## [WORK TO BE COMPLETED]
Your task is to copy each line of the material that includes "Soccer".

## [DATA EXTRACT]
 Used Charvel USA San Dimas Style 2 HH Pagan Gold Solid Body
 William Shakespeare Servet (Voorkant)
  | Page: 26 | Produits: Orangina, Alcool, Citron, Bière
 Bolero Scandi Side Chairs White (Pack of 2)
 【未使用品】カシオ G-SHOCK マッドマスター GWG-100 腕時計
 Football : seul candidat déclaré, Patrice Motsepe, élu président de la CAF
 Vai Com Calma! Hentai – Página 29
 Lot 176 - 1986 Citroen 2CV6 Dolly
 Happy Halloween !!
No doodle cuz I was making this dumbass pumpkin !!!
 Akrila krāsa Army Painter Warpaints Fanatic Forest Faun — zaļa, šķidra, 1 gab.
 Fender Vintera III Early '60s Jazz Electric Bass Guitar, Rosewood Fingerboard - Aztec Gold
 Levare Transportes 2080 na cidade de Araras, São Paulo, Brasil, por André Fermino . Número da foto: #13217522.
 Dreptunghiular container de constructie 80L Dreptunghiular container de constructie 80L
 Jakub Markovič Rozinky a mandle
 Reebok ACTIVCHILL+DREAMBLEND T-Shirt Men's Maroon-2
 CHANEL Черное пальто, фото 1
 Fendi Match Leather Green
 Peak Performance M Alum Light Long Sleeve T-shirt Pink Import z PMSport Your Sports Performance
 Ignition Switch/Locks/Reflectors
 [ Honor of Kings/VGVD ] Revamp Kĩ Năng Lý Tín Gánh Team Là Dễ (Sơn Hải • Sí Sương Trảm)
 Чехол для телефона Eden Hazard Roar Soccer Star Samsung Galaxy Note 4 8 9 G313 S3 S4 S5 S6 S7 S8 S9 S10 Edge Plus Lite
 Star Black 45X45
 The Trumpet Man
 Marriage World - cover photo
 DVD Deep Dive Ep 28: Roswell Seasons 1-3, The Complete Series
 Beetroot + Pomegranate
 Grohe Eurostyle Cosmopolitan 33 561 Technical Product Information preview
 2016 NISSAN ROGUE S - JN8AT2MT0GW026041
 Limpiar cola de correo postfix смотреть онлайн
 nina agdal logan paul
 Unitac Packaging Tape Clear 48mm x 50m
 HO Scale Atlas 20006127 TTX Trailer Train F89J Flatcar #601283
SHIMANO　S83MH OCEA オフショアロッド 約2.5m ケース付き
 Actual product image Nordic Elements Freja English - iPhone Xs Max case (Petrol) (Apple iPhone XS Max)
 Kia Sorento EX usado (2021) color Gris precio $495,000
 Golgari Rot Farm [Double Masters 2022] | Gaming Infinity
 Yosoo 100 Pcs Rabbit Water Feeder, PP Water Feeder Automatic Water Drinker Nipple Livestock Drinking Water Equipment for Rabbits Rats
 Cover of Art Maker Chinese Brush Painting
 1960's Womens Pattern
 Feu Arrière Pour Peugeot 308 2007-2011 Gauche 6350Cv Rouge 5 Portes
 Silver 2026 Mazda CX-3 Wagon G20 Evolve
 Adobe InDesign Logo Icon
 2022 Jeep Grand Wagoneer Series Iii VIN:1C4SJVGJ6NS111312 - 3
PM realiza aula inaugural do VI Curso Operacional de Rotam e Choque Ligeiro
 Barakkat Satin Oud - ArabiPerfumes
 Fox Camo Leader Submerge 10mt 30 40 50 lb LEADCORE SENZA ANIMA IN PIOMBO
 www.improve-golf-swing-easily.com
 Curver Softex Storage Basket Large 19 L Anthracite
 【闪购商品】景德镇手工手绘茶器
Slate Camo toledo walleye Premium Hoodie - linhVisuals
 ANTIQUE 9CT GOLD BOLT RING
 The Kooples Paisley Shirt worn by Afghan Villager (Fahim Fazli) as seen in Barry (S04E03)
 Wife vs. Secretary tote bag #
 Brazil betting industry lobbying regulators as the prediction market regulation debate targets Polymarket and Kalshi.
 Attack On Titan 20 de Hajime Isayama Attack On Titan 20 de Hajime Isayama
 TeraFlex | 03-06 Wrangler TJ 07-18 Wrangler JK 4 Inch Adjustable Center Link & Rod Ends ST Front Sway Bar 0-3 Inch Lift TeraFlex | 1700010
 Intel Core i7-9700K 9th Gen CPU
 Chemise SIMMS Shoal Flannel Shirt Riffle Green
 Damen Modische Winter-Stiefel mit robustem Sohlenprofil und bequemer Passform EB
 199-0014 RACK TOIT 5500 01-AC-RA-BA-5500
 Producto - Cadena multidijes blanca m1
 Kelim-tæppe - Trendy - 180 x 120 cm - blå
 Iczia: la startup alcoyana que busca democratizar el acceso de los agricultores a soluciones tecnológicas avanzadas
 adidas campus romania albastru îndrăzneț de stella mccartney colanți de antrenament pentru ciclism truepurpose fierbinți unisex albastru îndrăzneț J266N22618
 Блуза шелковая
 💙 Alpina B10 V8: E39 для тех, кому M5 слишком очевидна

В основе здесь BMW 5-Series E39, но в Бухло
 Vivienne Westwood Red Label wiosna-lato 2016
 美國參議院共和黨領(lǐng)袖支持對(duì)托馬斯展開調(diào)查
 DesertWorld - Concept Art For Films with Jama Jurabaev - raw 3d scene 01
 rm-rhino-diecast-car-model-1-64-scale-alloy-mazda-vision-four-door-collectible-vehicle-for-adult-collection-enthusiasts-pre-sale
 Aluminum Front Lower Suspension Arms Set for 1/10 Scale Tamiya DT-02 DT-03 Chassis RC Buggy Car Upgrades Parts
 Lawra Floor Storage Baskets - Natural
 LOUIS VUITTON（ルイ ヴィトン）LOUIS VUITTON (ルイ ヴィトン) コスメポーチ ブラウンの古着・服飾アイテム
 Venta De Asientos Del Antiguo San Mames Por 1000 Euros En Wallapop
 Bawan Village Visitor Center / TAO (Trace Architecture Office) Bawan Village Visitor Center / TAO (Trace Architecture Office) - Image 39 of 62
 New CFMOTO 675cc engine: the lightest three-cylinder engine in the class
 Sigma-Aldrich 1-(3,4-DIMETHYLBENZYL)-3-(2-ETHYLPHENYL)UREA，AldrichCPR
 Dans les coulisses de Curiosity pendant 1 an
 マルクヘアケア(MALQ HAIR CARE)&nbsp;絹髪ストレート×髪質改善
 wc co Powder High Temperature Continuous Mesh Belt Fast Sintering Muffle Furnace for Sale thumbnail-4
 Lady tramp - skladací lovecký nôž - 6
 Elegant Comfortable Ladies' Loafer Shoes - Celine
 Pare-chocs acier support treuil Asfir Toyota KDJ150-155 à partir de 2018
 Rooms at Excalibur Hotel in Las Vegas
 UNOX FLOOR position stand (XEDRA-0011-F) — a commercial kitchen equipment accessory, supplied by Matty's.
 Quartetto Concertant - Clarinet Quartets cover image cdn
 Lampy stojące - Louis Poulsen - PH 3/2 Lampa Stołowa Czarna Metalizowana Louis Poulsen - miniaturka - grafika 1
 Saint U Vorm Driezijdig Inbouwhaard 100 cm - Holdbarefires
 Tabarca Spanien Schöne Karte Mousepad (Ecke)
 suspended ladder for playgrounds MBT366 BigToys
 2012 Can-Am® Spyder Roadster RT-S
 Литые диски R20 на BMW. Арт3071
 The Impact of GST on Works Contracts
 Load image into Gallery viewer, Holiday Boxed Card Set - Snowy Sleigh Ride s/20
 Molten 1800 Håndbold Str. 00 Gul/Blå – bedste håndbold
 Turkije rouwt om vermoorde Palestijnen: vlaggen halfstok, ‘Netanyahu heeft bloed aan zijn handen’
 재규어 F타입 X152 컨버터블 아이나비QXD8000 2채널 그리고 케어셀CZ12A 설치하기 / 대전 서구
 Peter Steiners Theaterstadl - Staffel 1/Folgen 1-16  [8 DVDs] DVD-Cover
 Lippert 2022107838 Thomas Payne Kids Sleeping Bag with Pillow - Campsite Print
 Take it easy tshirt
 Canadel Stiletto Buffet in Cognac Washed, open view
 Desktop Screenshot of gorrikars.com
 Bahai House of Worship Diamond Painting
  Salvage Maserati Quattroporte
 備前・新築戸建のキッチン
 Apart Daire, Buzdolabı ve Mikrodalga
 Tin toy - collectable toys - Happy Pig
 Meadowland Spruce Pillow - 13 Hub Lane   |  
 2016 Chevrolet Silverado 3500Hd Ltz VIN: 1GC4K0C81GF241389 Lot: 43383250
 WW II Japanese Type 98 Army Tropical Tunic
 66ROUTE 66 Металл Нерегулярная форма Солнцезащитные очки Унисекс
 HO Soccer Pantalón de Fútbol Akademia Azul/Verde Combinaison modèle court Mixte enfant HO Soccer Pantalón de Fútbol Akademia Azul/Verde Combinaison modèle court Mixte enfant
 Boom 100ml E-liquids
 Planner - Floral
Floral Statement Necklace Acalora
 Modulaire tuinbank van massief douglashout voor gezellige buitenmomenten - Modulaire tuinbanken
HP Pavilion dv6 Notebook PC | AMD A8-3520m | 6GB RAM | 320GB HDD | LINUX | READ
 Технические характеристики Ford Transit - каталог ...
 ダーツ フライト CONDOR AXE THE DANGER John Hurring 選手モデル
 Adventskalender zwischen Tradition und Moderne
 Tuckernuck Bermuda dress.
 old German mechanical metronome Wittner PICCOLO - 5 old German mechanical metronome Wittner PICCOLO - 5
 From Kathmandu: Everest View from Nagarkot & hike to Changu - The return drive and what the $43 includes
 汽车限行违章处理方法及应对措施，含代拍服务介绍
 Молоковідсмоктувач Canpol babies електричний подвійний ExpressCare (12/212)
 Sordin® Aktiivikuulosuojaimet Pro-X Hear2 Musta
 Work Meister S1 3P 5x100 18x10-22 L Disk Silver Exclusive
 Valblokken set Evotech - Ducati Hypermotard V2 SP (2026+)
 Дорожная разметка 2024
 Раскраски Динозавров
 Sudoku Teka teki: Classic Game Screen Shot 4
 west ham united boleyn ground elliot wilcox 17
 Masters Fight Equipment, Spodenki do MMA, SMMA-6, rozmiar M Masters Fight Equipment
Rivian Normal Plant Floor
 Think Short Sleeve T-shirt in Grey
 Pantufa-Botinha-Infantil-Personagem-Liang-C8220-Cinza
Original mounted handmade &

## [EXERCISE RESULT]
 Чехол для телефона Eden Hazard Roar Soccer Star Samsung Galaxy Note 4 8 9 G313 S3 S4 S5 S6 S7 S8 S9 S10 Edge Plus Lite
 HO Soccer Pantalón de Fútbol Akademia Azul/Verde Combinaison modèle court Mixte enfant HO Soccer Pantalón de Fútbol Akademia Azul/Verde Combinaison modèle court Mixte enfant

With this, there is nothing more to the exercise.